The fact that "Pulp Fiction" grabbed America's funnybone while "Trainspotting" leaves Americans dazed in their seats is another reminder that a particular humor gene from the mother country didn't travel well to the colonies.

TRAINSPOTTING

A Illusion review by Joan Ellis.


Leave it to the British to make "Trainspotting." In American hands, a movie about life on the sharp end of a heroin hypodermic would surely have been a heavy-handed sermon about excess or a one-note lesson about life in the gutter. This film about a group of young Scots is, of course, neither.

There's a lot of British sensibility in this film, and, in the end, that is probably what separates Britains and Americans in their reaction to this movie. The fact that "Pulp Fiction" grabbed America's funnybone while "Trainspotting" leaves Americans dazed in their seats is another reminder that a particular humor gene from the mother country didn't travel well to the colonies.

Writer John Hodge and Director Danny Boyle have imagined a group of young derelicts whose central figure is the literate, funny narrator of their story. Renton (Ewan McGregor) manages to wring laughs from the details of the slovenly landscape he inhabits as well as from the misadventures of his shiftless buddies. This is a group headed straight to hell, arms linked, one-liners tripping from their tongues. Because Renton is smart enough to know he's going down, the audience has a lifeline of hope for his salvation.

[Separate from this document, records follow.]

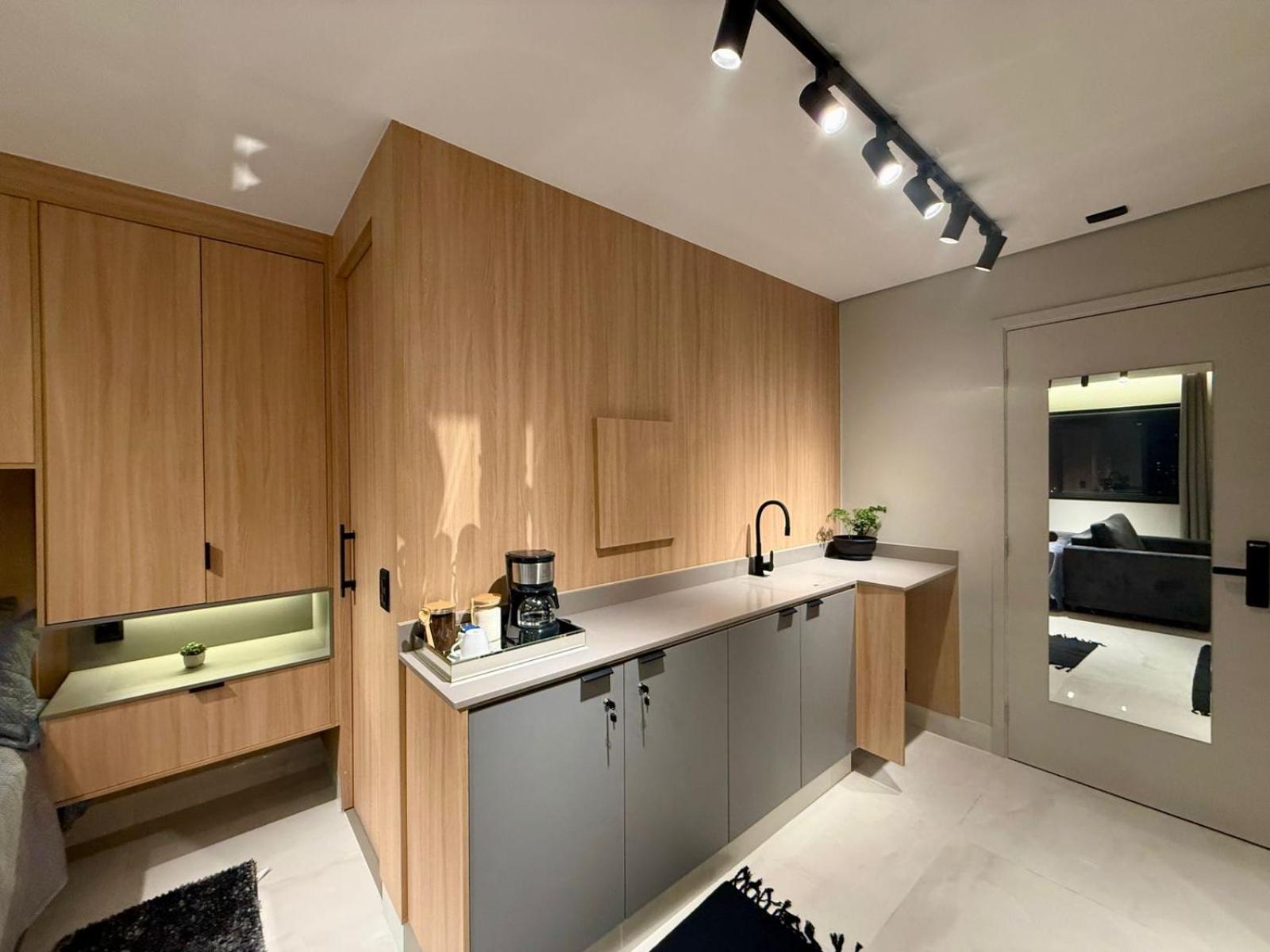 Studio Prime II - Vila Olímpia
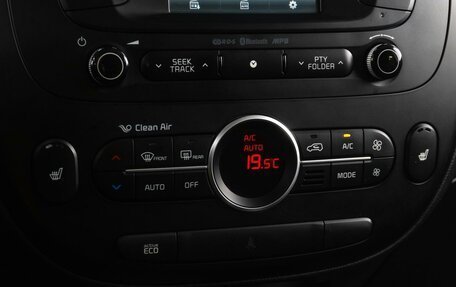 KIA Soul II рестайлинг, 2016 год, 1 449 000 рублей, 12 фотография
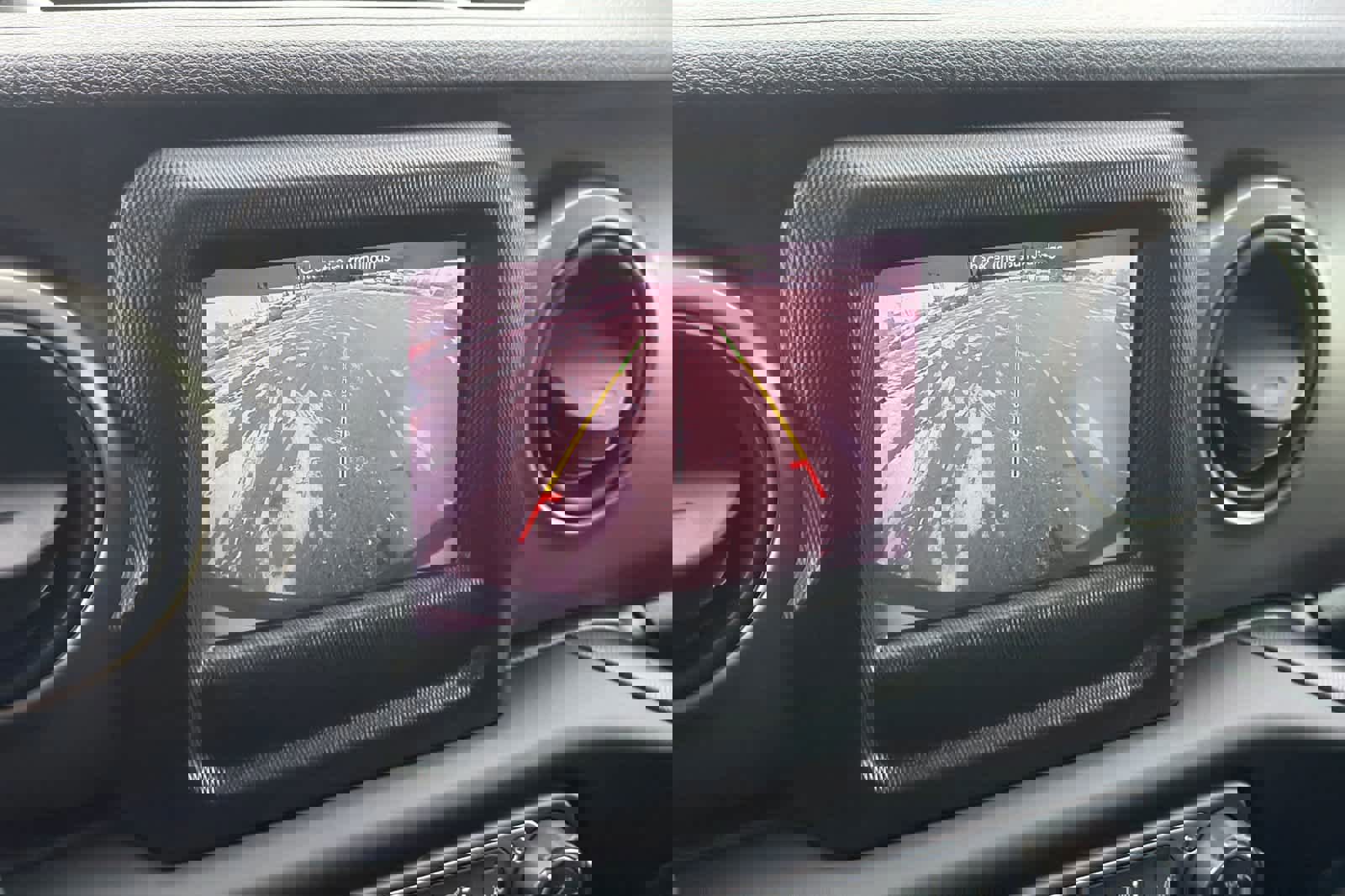 Used 2018 Jeep Wrangler Unlimited Sport S image 20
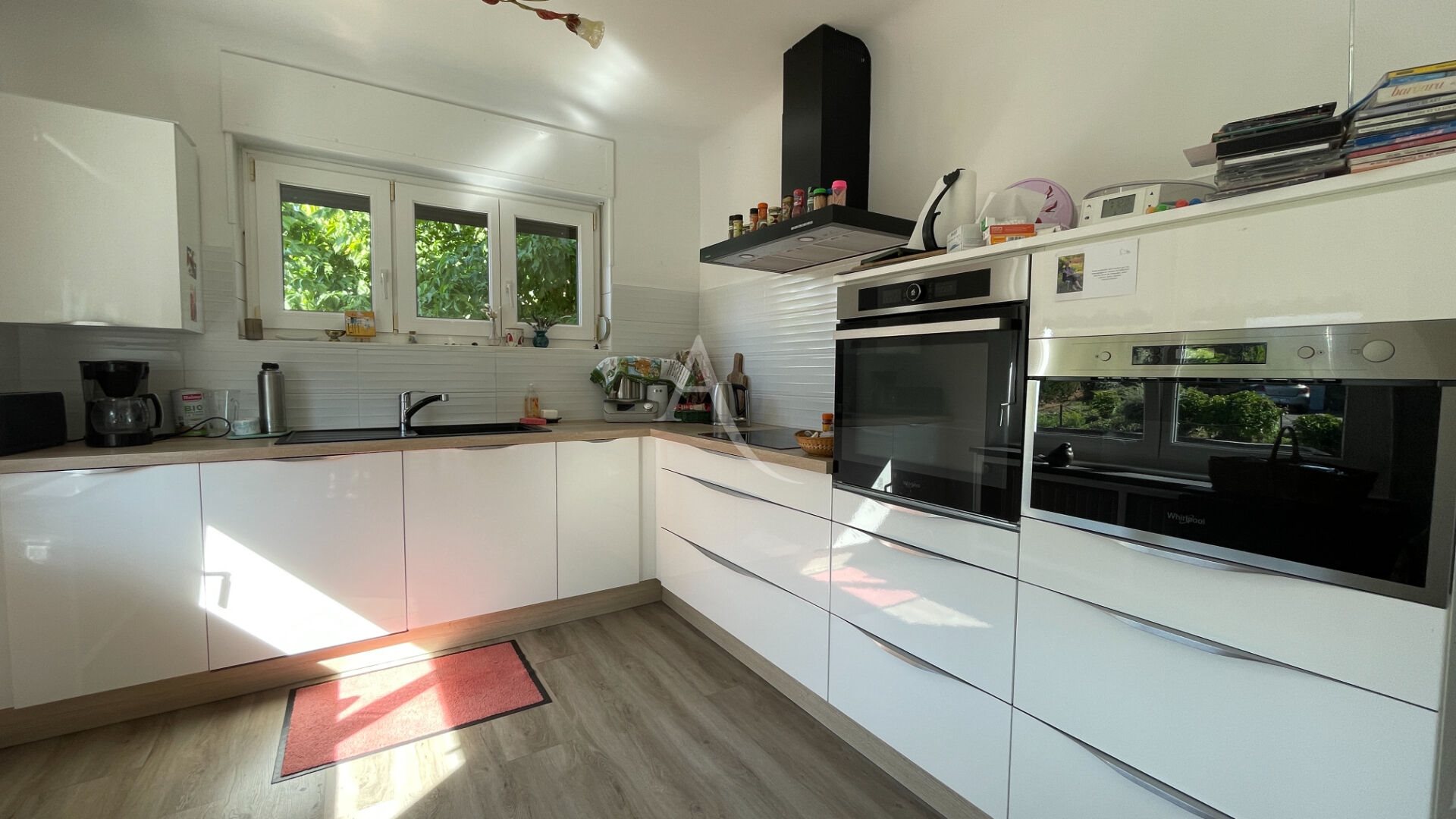 Maison à vendre, 105m², Chantraine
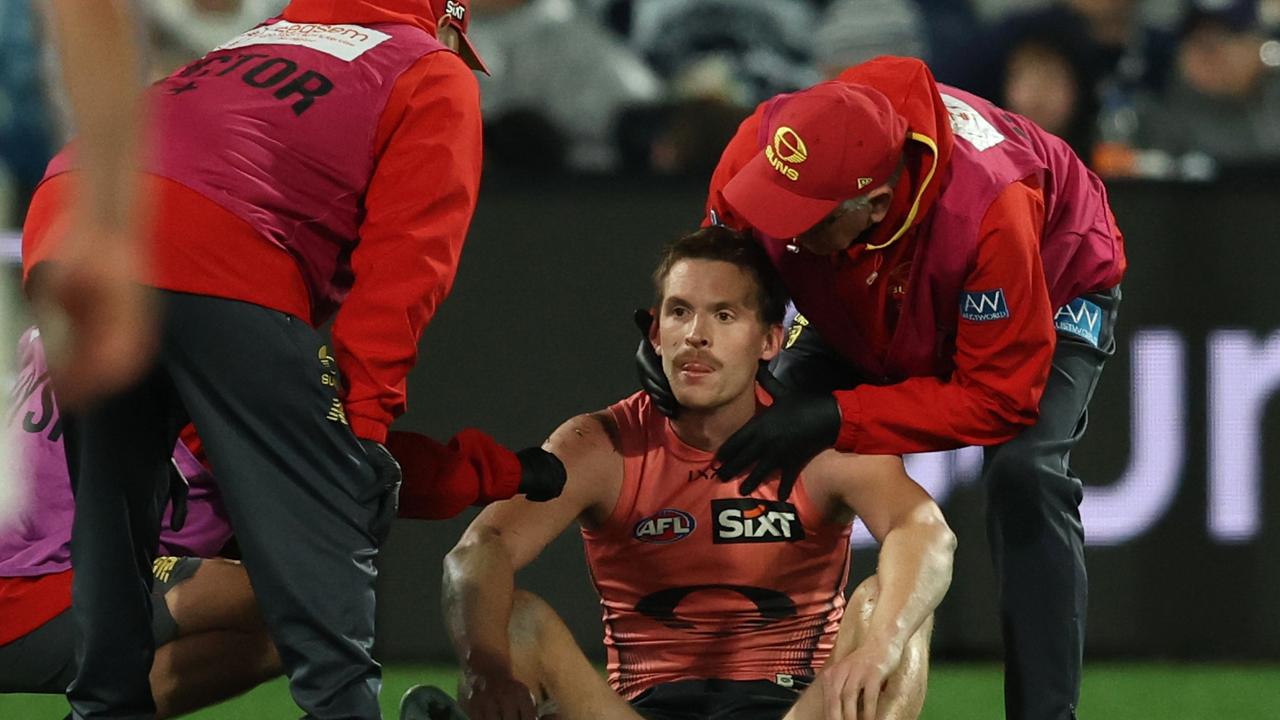Coaches leap to Stewart defence as bump debate rages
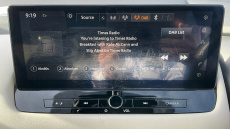 Nissan Qashqai 1.3 DiG-T MH Tekna 5dr Petrol Hatchback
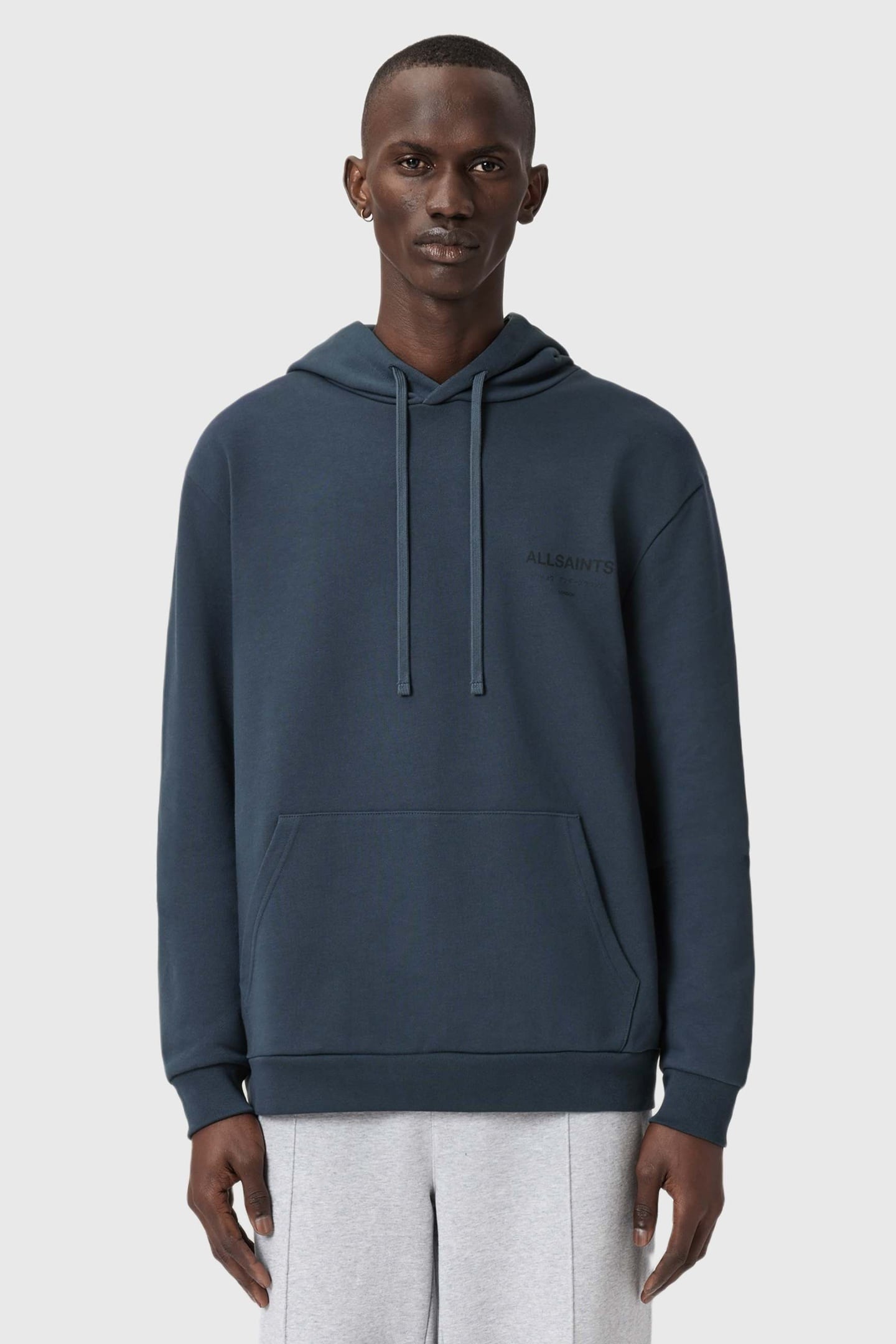 UNDERGROUND OTH HOOD MOONSTONE BLUE 1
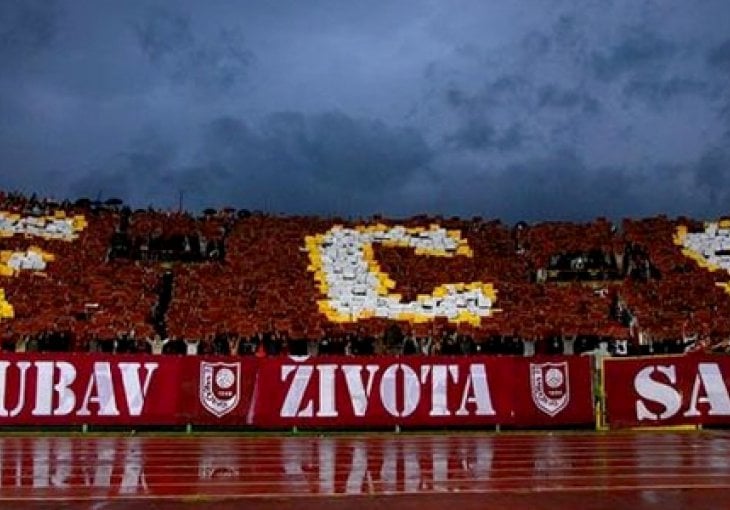 Noć kada su Horde zla oduševile Evropu i svijet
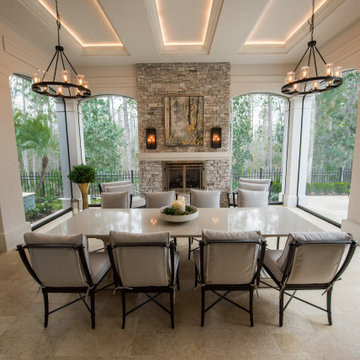 Derrick Builders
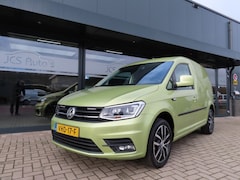 Volkswagen Caddy - 2.0 TDI L1H1 C-ED DSG Airco Led Navi 2020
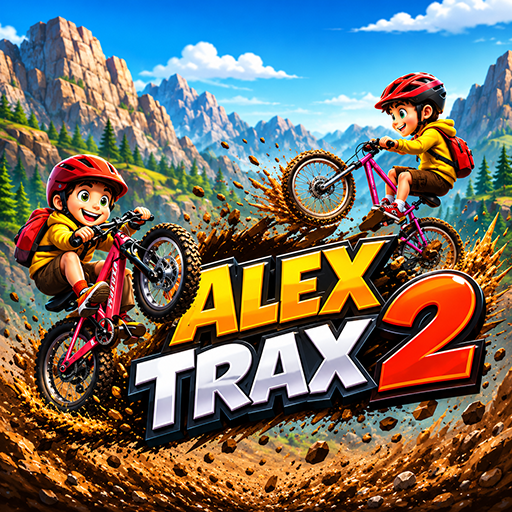 Alex Trax 2 thumbnail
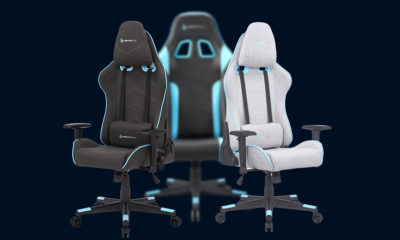 Newskill Kitsune Zephyr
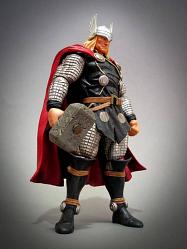 Marvel Select Thor AF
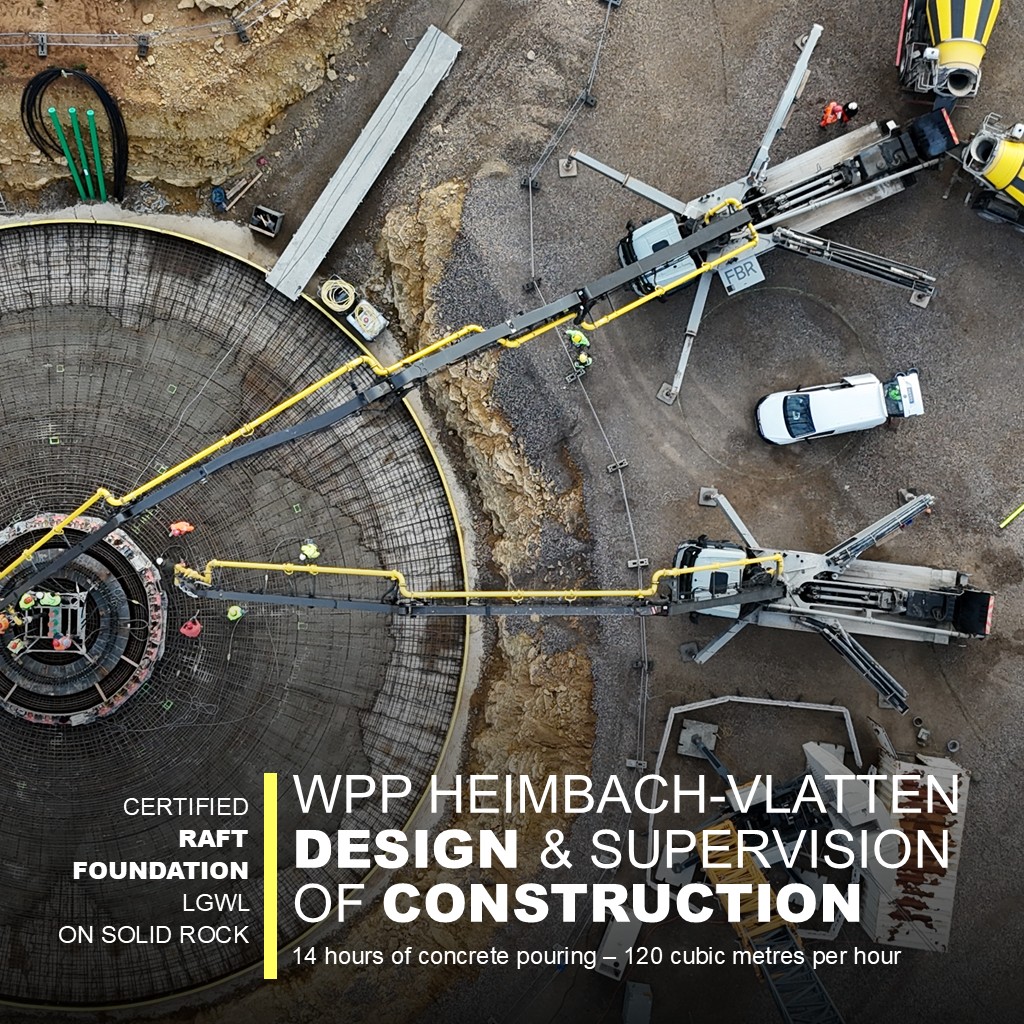 WPP Heimbach-Vlatten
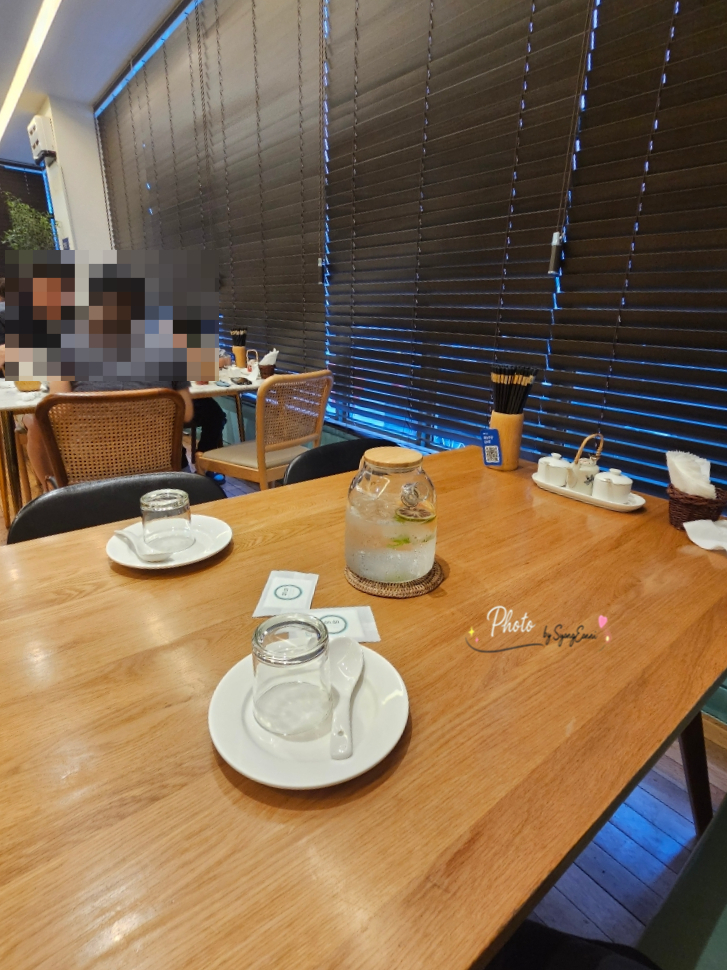 안안 운중점 사진 4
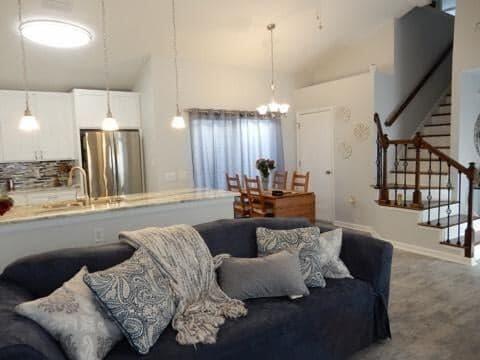 PARKWOOD AT BLUEWATER BAY - Residential Lease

Faced, as they see it, with the choice of the pleasures of heroin or lives of mortgages, valium, game shows, and junk food, the guys choose drugs. After watching Mom and Dad planted every evening on aluminum chairs at the kitchen table in front of the telly, anything else looks exciting. Forget the less destructive alternatives that might have punctured or even transcended the bottomless boredom that is their birthright; this group rebels by injecting pure pleasure into their veins while soaking themselves in squalor.

In a scene that manages to surpass Uma Thurman's return from an overdose in "Pulp Fiction," Renton dreams of an ebony toilet seat with silk toilet paper, and finds instead a well of unimaginable filth into which he dives in desperate search for the tools of his pleasure.

As they steal prescription drugs from old people--"the drugs normal people take for unhappiness and pain"--Renton muses about his mother, who "in her own respectable way is also a drug addict." It's the same old story: another hit takes all the pain away. If his mother gets hers from the doctors, Renton and his friends rob, steal, victimize the innocent, "go down, get up--and never have enough."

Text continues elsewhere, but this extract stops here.